* **How to complete this task**
Apart from the pictures, everything in the lines below must be printed exactly.

* **Material provided**
== == ==

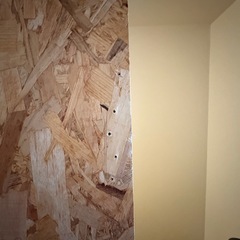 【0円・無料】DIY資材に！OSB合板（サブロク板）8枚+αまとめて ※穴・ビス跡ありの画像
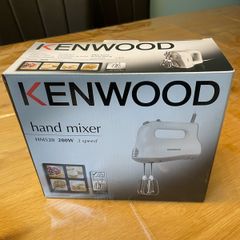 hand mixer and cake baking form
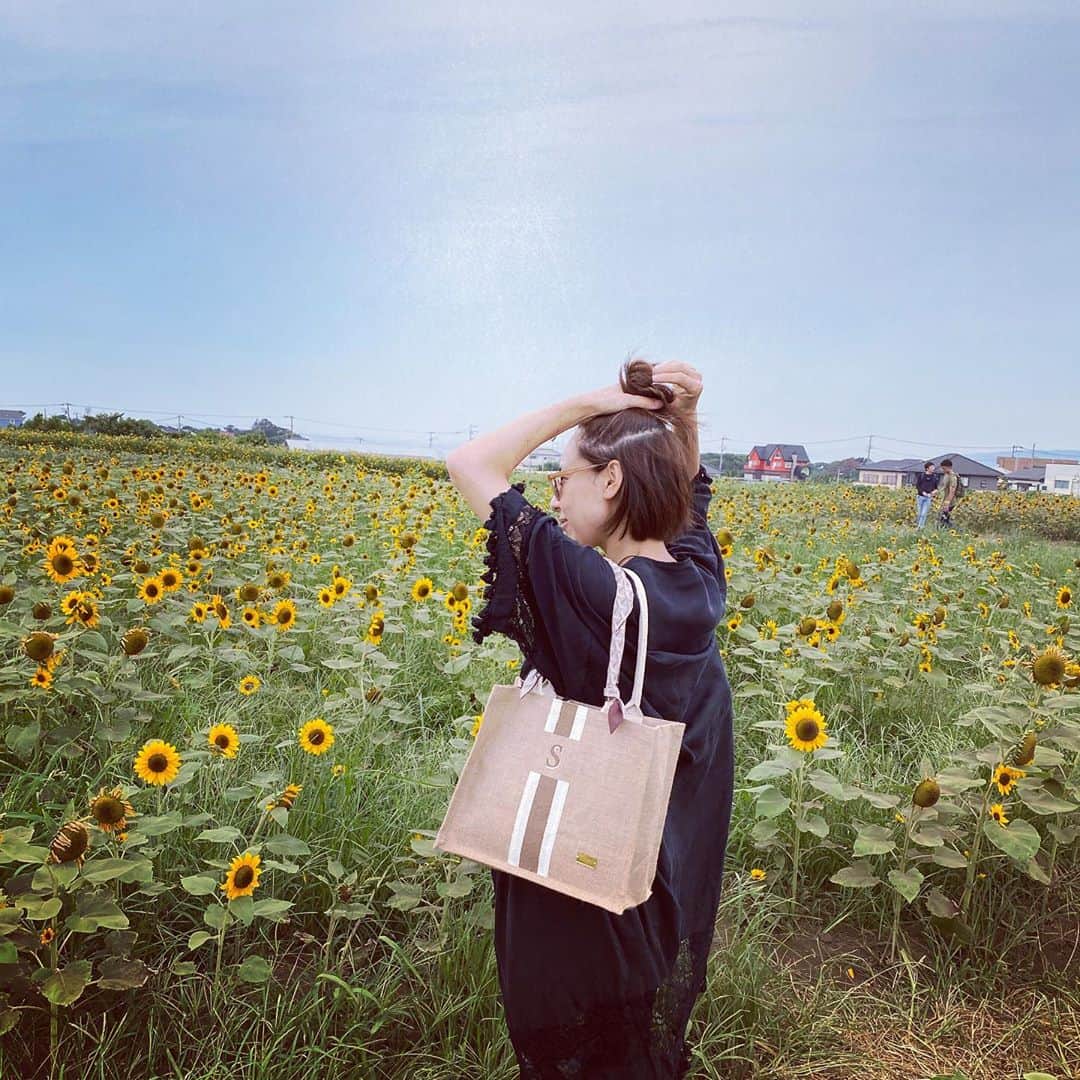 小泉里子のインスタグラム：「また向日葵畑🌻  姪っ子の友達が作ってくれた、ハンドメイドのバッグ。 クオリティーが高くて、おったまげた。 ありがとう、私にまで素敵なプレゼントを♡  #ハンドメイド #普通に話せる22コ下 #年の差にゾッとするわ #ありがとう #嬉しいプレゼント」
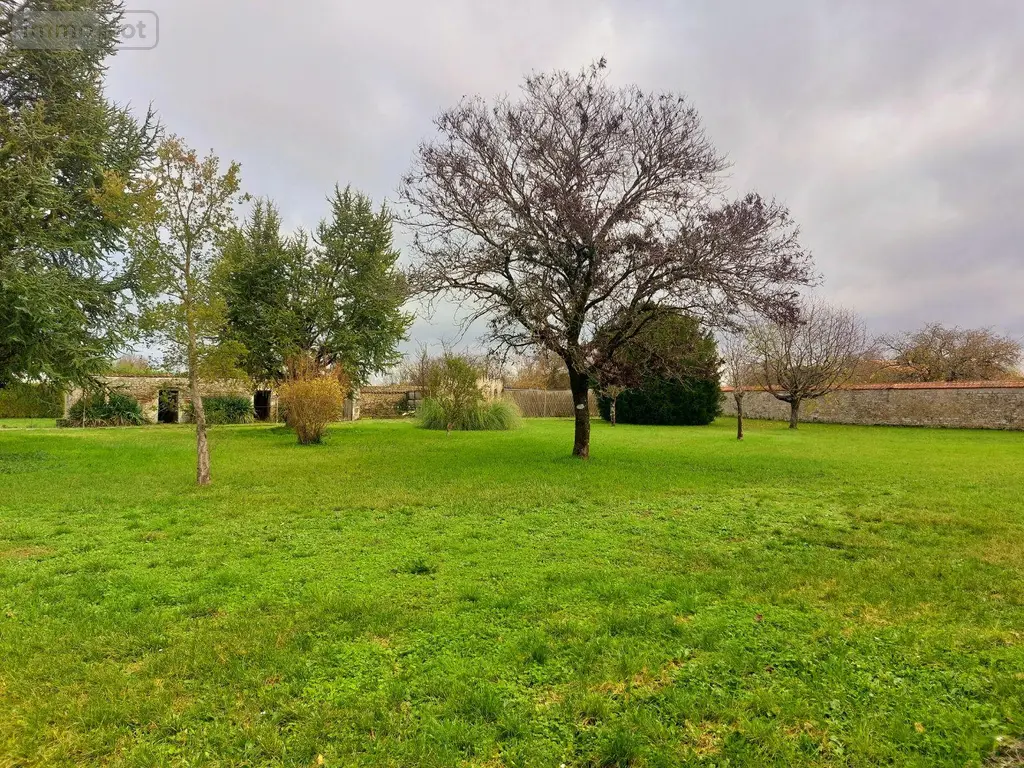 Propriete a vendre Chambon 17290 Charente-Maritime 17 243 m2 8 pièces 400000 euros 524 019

== == ==

* **Answer to this exercise**
 【0円・無料】DIY資材に！OSB合板（サブロク板）8枚+αまとめて ※穴・ビス跡ありの画像
 hand mixer and cake baking form
 小泉里子のインスタグラム：「また向日葵畑🌻  姪っ子の友達が作ってくれた、ハンドメイドのバッグ。 クオリティーが高くて、おったまげた。 ありがとう、私にまで素敵なプレゼントを♡  #ハンドメイド #普通に話せる22コ下 #年の差にゾッとするわ #ありがとう #嬉しいプレゼント」
 Propriete a vendre Chambon 17290 Charente-Maritime 17 243 m2 8 pièces 400000 euros 524 019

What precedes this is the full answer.